There is an increasing understanding of the impact of the presence of lupus nephritis on pregnancy outcome. Until recently, relatively little was known about pregnancy in vasculitic diseases, which are less common in women of childbearing age. These include the primary systemic vasculitides with potential for renal involvement: small vessel vasculitides including Wegener's granulomatosis, microscopic polyangiitis, Henoch-Schönlein purpura and Churg—Strauss syndrome. Also included are the medium-large vessel vasculitides such as Churg—Strauss syndrome (which may involve small and medium vessels), polyarteritis nodosa and Takayasu's arteritis. Primary systemic vasculitis is now classified as antineutrophil cytoplasmic antibody (ANCA)-positive (typically Wegener's granulomatosis or microscopic polyangiitis) or ANCA-negative vasculitis, which may blur the distinctions between the classically defined disorders. In this chapter the traditional diagnostic terms are retained, as many believe these relate to typically distinct disease entities and these terms are used in the great majority of publications concerning pregnancy.

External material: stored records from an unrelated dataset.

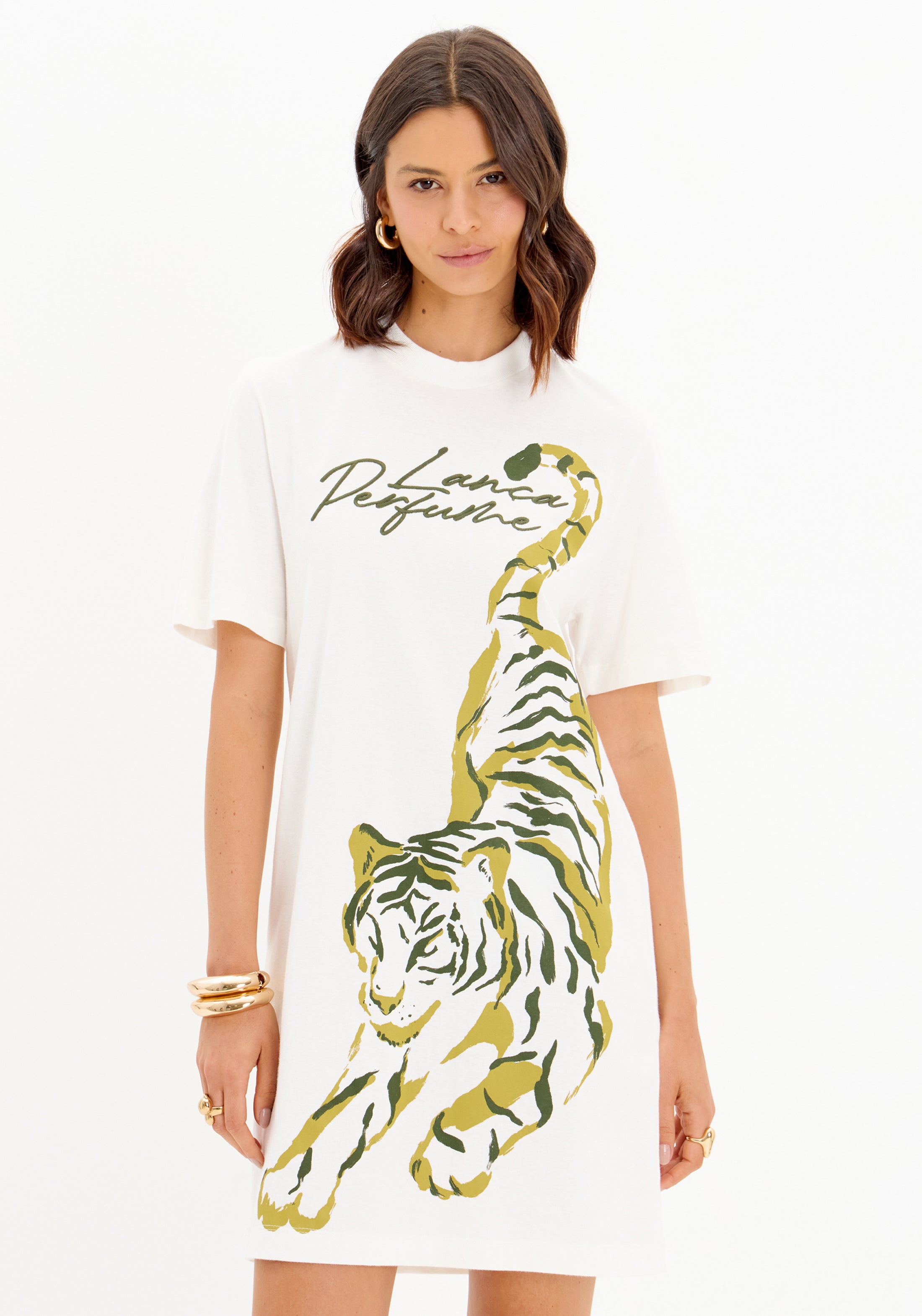 LP White Short Short Sleeve Dress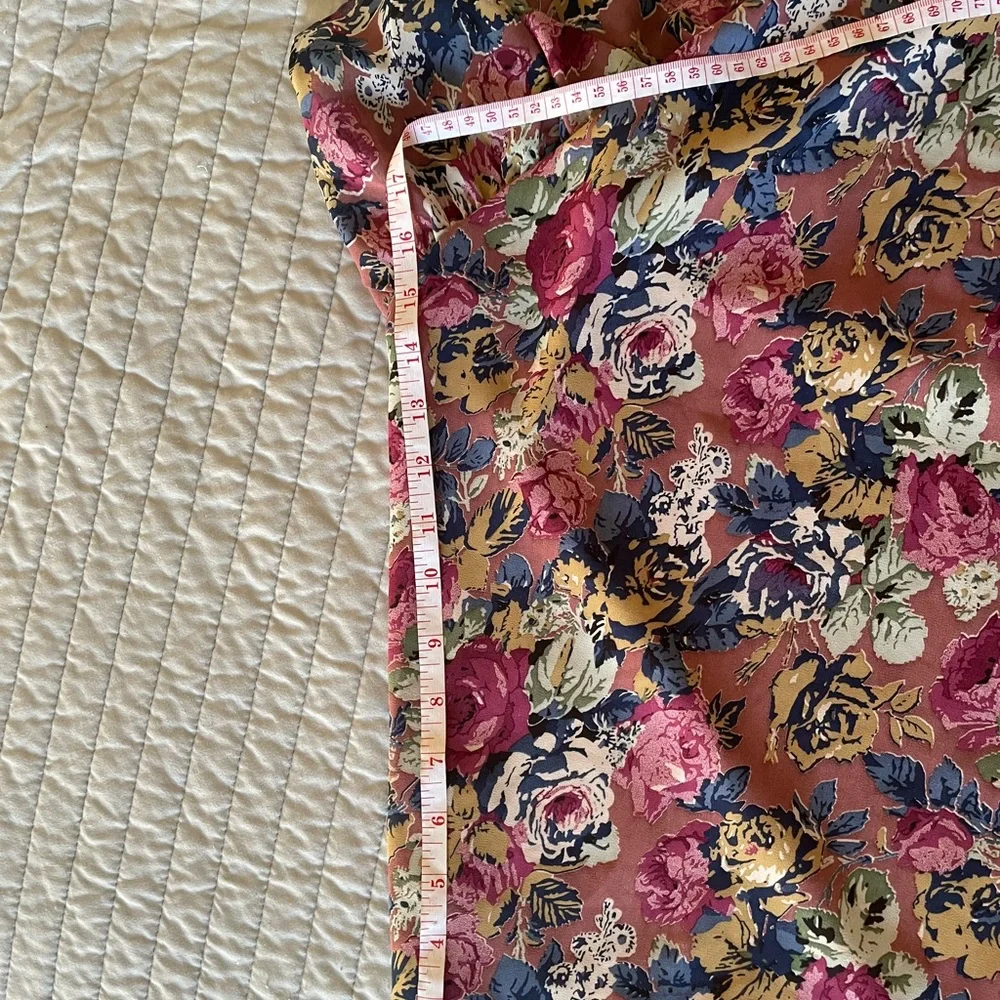 Nasty Gal Floral Quilt with Pink and Blue Accents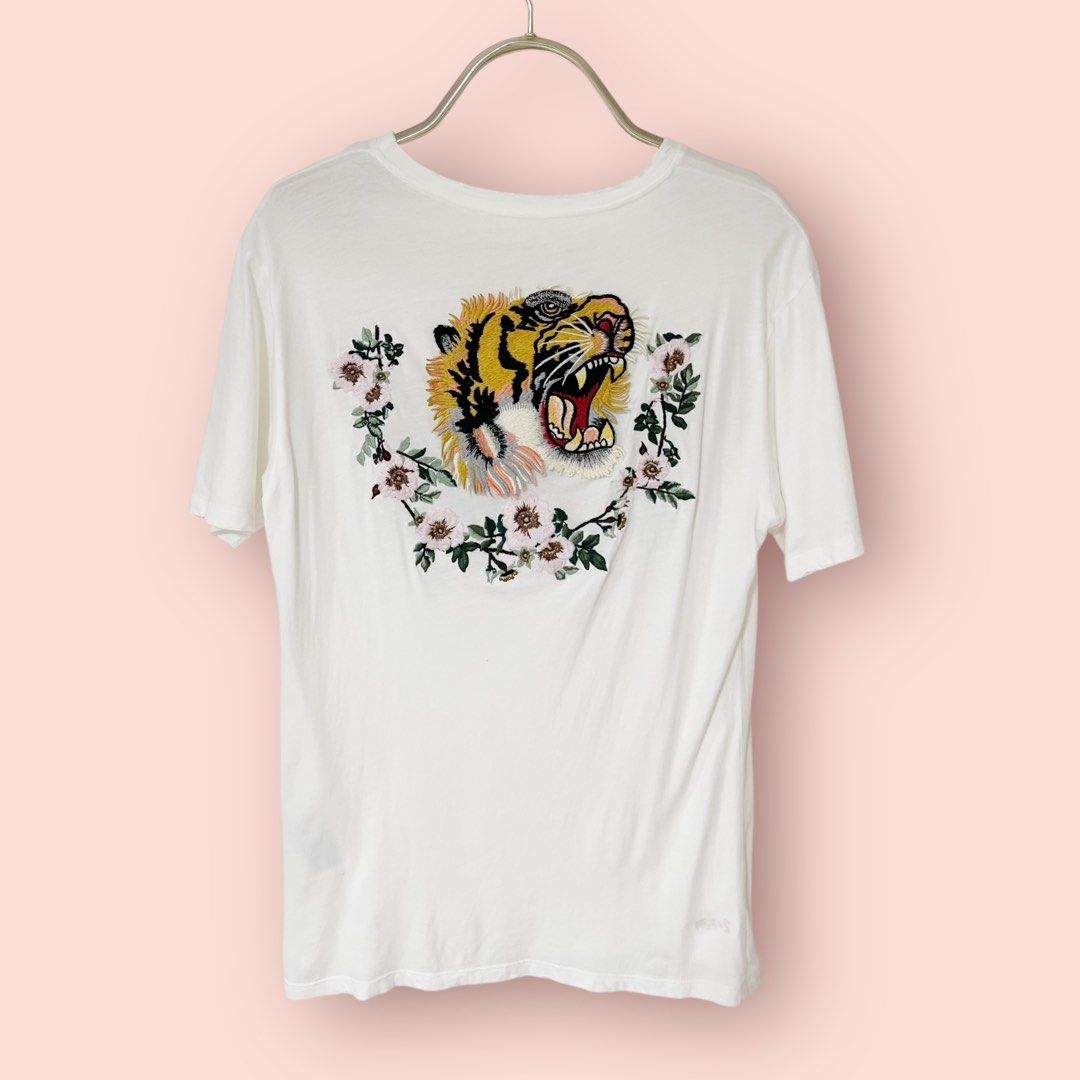 GUCCI EMBROIDERED PATCHED T SHIRT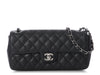 Chanel Black Quilted Caviar East-West Flap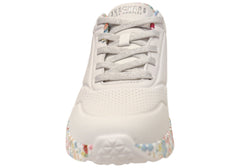 Skechers Womens Uno Lite Subtle Prints Comfortable Lace Up Shoes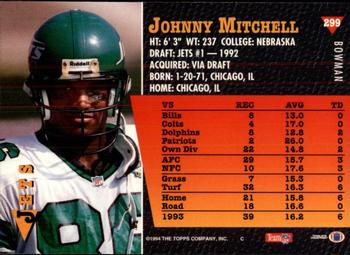 1994 Bowman #299 Johnny Mitchell Back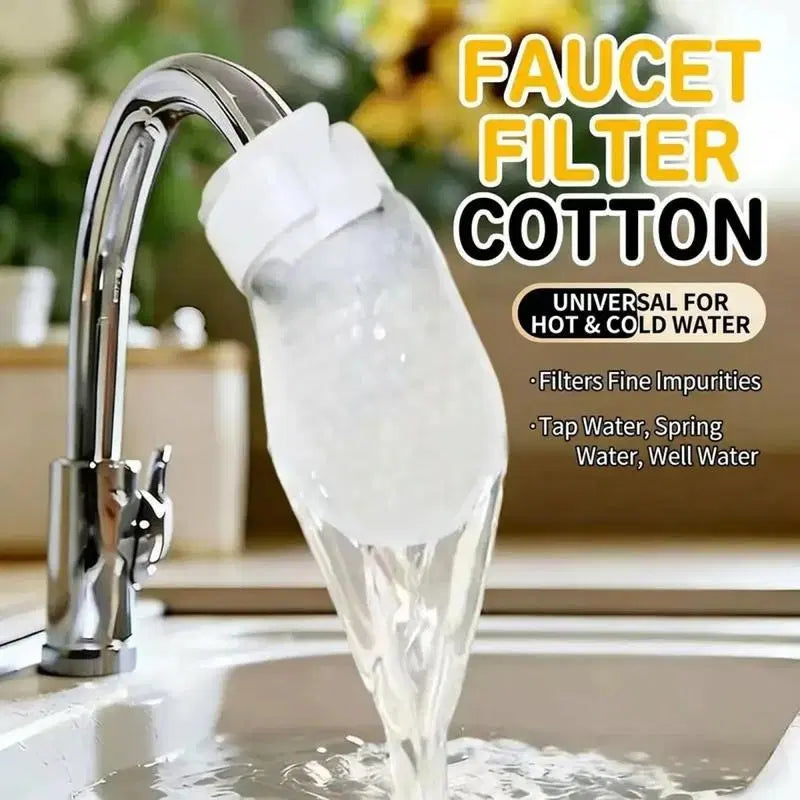 🚰 Faucet Filter Cotton – Fresh Water Filtration Solution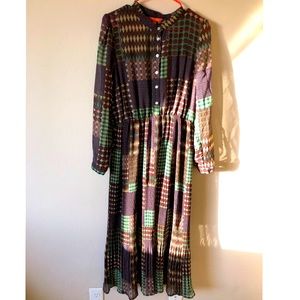 Patchwork print dress by Modcloth Size L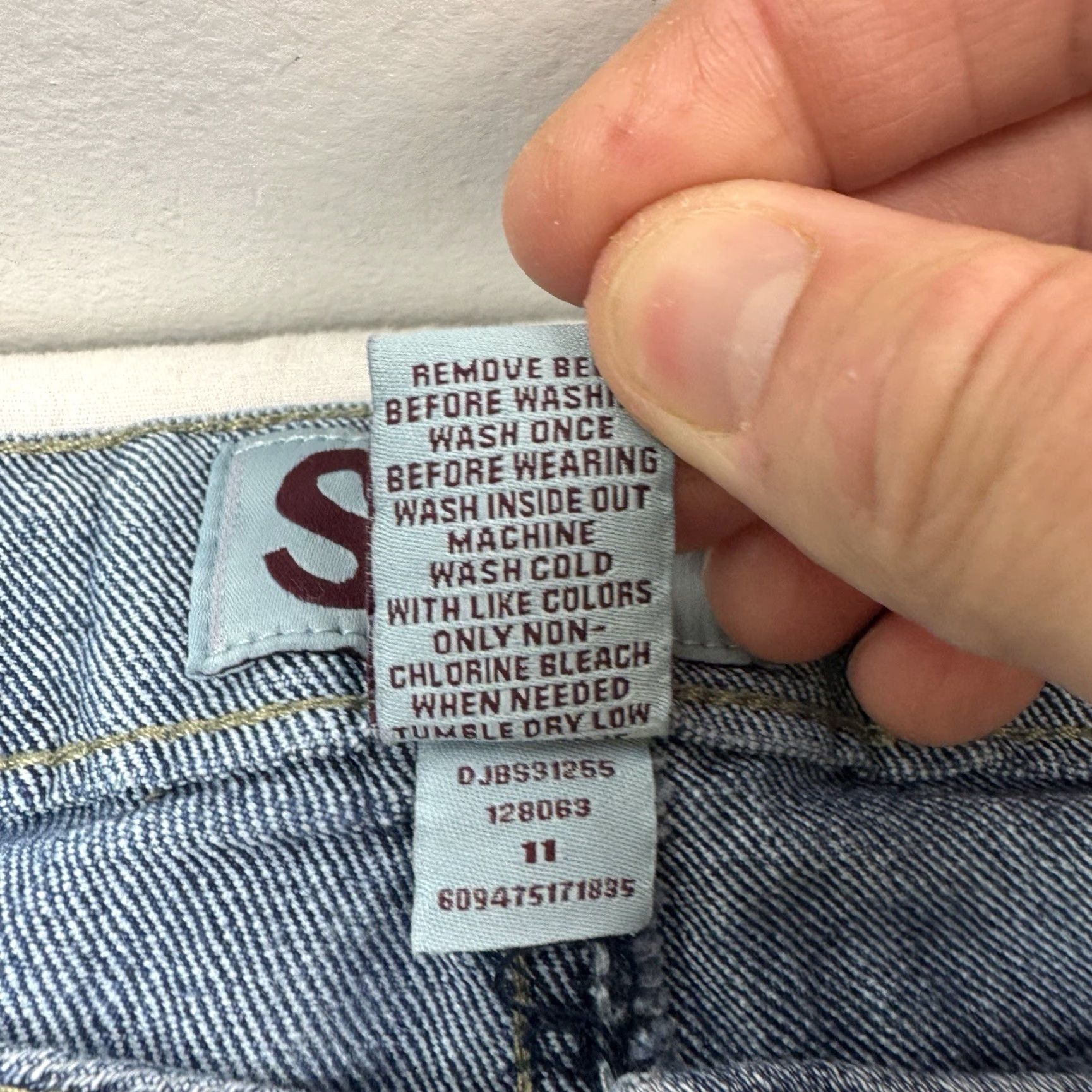 Vintage VINTAGE SO Jeans Bootcut Women’s 11 Mid Waist Hippie Hipster 2000s Blue Size 32" / US 10 / IT 46 - 5 Thumbnail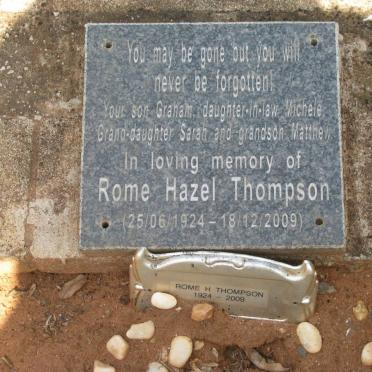THOMPSON Rome Hazel 1924-2009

The issues relating to lupus nephritis and vasculitis are discussed, but a review of associated autoantibodies such as antiphospholipid antibodies and the anti-Ro (SSA) and anti-La (SSB) is not included. These autoantibodies need to be screened for and managed according to the separate role they may play. In particular, attention will need to be paid to antiphospholipid syndrome and the neonatal lupus syndromes.